I have used GIMP. It is a nice "starter" type program. It has lots of the same features as Photoshop CS3, 4, and some of 5. BUT where they differ is how well those features work. I can clone in both programs however I feel Photoshop does a better job of blending to make it look more correct. Just a personal observation. 

Like I said I have used both and would seriously recommend trying GIMP out for a while before you move on to something like CS5


----------



## stephras07 (Jun 13, 2010)

Thanks for the details - that helps alot.  I guess I will give Gimp a try, at least until I get better at editing and need something more.  

I hate it when my husband is right.... LOL


----------



## CW Jones (Jun 13, 2010)

ummmm well then just to spite him get CS5 and you won't be disappointed with it! haha

You can outgrow GIMP but I find CS5 hard to outgrow. You could learn with either of them.


----------



## alexrock23 (Jun 13, 2010)

I use GIMP for much of my photo work. GIMP works fine for my purposes and delivers most of the features I would need in an image editing suite. It is also available on several platforms, which suits me better due to operating system diversity.


----------



## Garbz (Jun 14, 2010)

GIMP suffers from a complete lack of 16bit colour support. That's the only issue. If you're doing RAW editing make sure you have your exposure nailed as close as possible in UFRAW before the file is opened in GIMP to make sure you don't end up losing too much quality as a result of your edits. 
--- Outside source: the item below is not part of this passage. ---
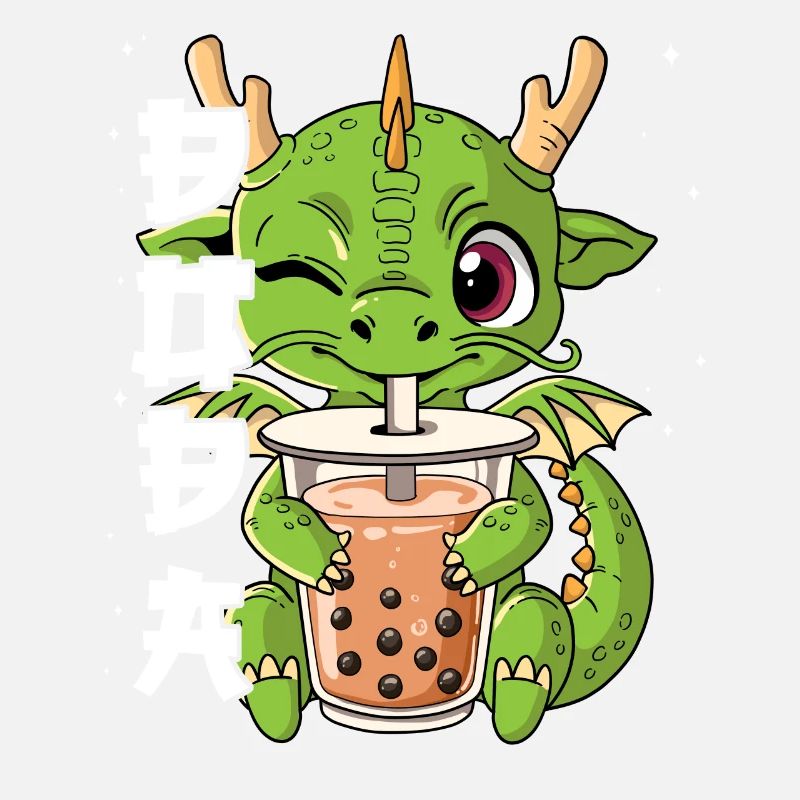 Boba Tea Dragon Bubble Tea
For minor editing there's no issue, but if you're a heavy wedding photographer type psycho editor then GIMP is not sufficient in my opinion.


----------



## lamar328 (Jun 14, 2010)

I was using Photoshop for about 3 years before going traveling for a year and a bit, and because I use a computer which doesn't run on either Mac or Windows, I am using GIMP for editing.
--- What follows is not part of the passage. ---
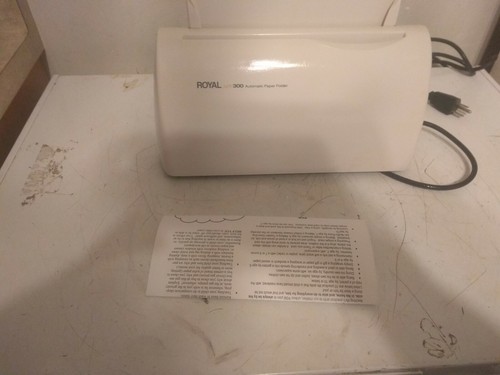 Royal APF300 Automatic 3 Sheet Letter Paper Folder Office Business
GIMP is great because it's free and very similar to photoshop in quite a few ways.
I found it user friendly, and the tools served their purpose fairly well. 

Photoshop has better logic behind their tools, so they tend to work a bit better, or more accurately at least, but just as everyone else has said, try GIMP out and see how you enjoy it.
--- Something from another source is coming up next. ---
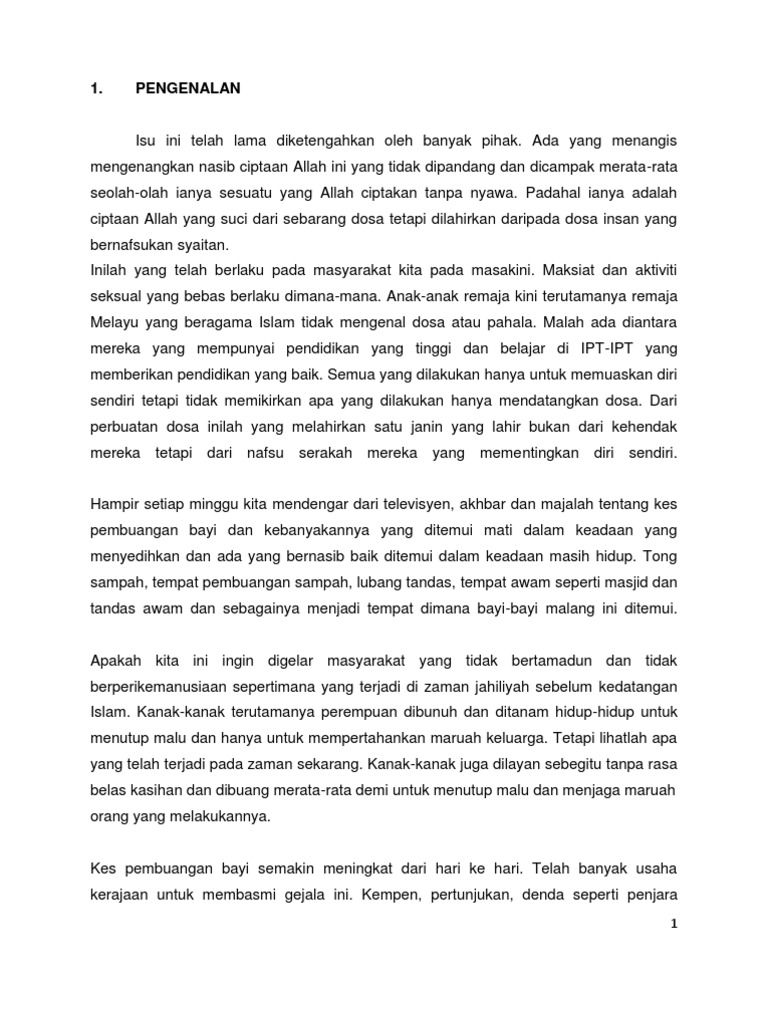 Pembuangan Bayi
If you want to do a good test, edit a few photo's in GIMP, and then download the free trial version of photoshop and edit the same photo's.
See how the editing process compares, and which program you enjoy more.


----------



## dak1b (Jun 14, 2010)

photoshop all the way!


----------



## Mike_E (Jun 14, 2010)

It's unlikely that you are going to find a "new" copy of Photoshop 7.  It's most  likely a counterfeit, just because you paid for it doesn't make it legal.

How deep do you want to go with this?

Unless you intend to do some serious pixel work, Lightroom should be fine and elements OK.


----------



## katy625 (Jun 14, 2010)

I started w gimp then moved to ps elements 7.  I wouldn't trade ps 7 for the world.


----------



## Mike_E (Jun 14, 2010)

PS 7 or elements 7?  Either way gimp will get you started until you have a better idea of what you want.


----------



## CW Jones (Jun 14, 2010)

katy625 said:


> I started w gimp then moved to ps elements 7.  I wouldn't trade ps 7 for the world.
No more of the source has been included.